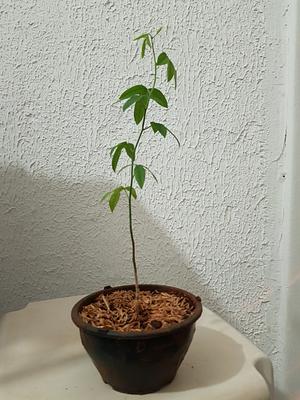 Savannah Passion Fruit Sapling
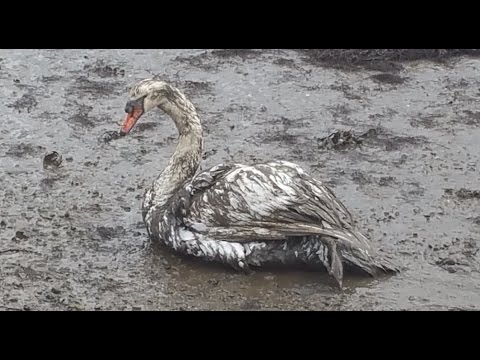 Vergüenza en la Ría de El Burgo - Cisne atrapado en lodazal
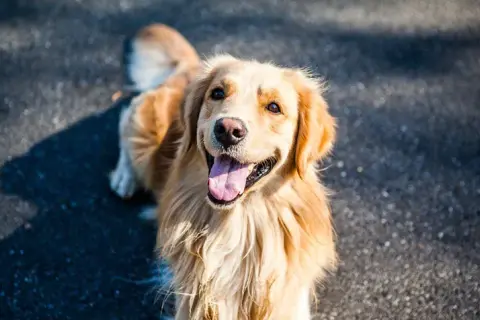 Ile lat żyje Golden Retriever? Poznaj prawdę i zadbaj o pupila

■ **What the task asks**: The data above must be written out again without alteration, and the pictures in them must be excluded.

■ **Problem solution**:
 Savannah Passion Fruit Sapling
 Vergüenza en la Ría de El Burgo - Cisne atrapado en lodazal
 Ile lat żyje Golden Retriever? Poznaj prawdę i zadbaj o pupila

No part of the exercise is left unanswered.